■ Problem statement: An exact copy of every entry is required, without the pictures.

■ Exercise material:
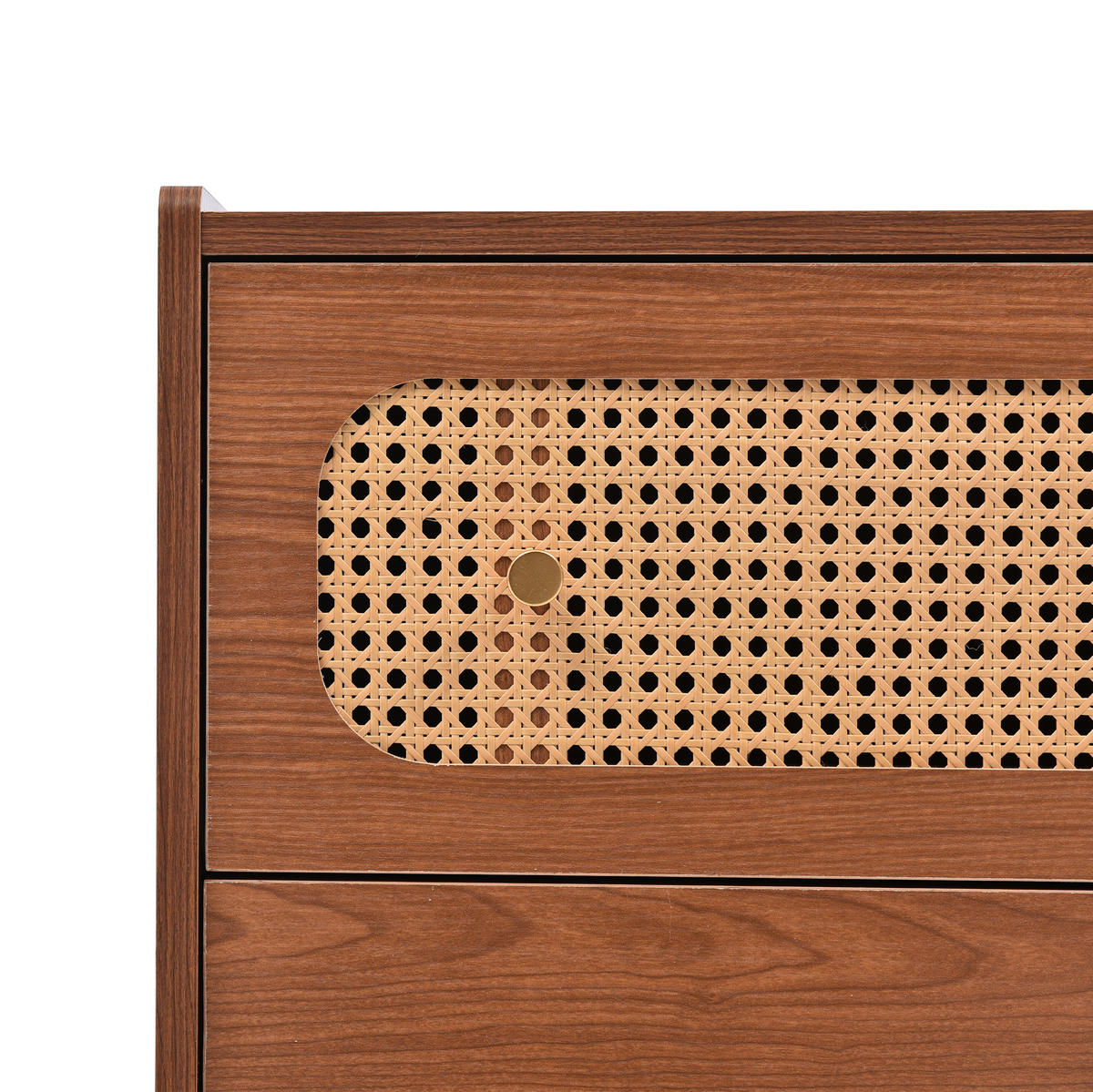 KOMMODE, 6 Schubladen, mit Metallbeinen und Rattan-Details, 120x40x90 cm, Nussbaumfarben - Nussbaumfarben, Holzwerkstoff (40/90/120cm) - Modfu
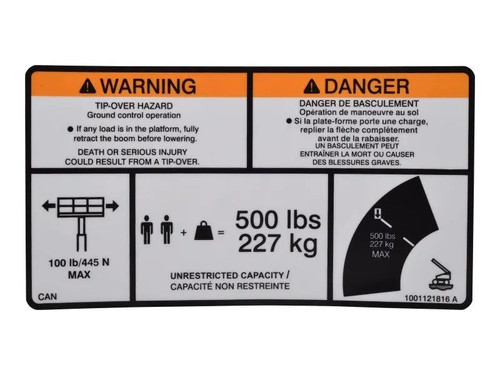 JLG Part # 1001121816 | DECAL,WARNING, MAX CAP.ENG/FRE, EA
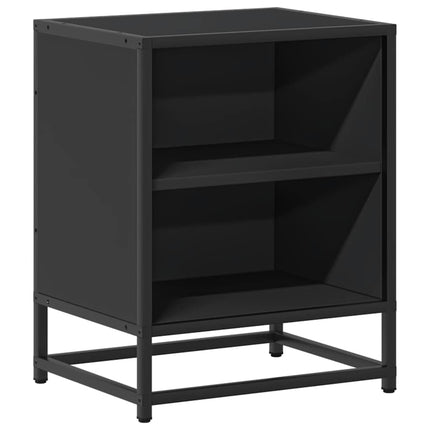 Comodini 2 pz Neri 40x31x50 Legno Multistrato e Metallo
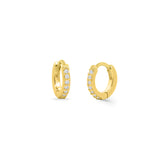 Boma Jewelry Earrings 14K Gold Plated Mini Huggie Hoops with White Topaz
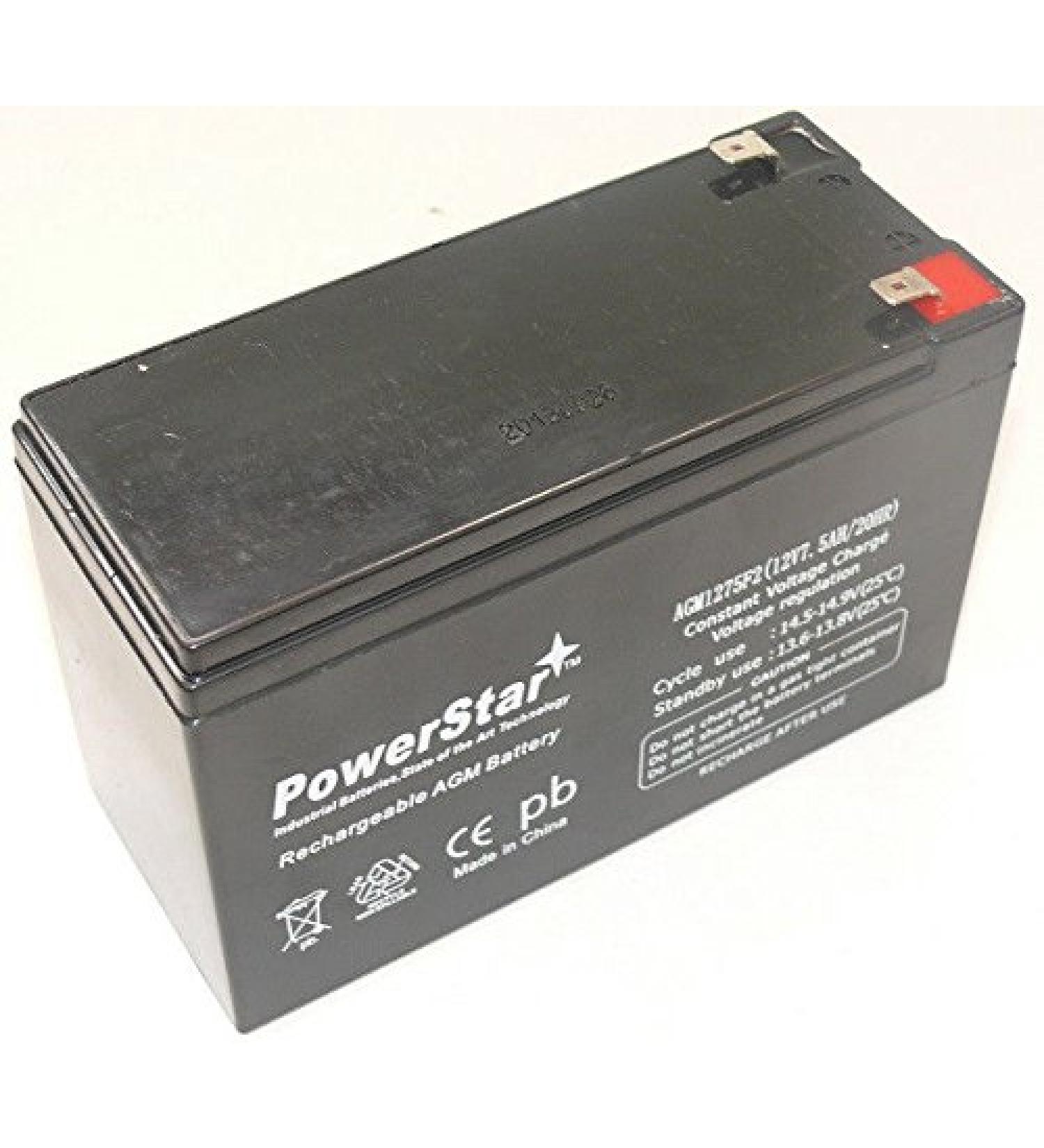 PowerStar 12V 7.5 Sealed Lead Acid SLA Battery Genuine Replaces KT-1270 (W/F-1 Terminal)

■ Problem solution:
 KOMMODE, 6 Schubladen, mit Metallbeinen und Rattan-Details, 120x40x90 cm, Nussbaumfarben - Nussbaumfarben, Holzwerkstoff (40/90/120cm) - Modfu
 JLG Part # 1001121816 | DECAL,WARNING, MAX CAP.ENG/FRE, EA
 Comodini 2 pz Neri 40x31x50 Legno Multistrato e Metallo
 Boma Jewelry Earrings 14K Gold Plated Mini Huggie Hoops with White Topaz
 PowerStar 12V 7.5 Sealed Lead Acid SLA Battery Genuine Replaces KT-1270 (W/F-1 Terminal)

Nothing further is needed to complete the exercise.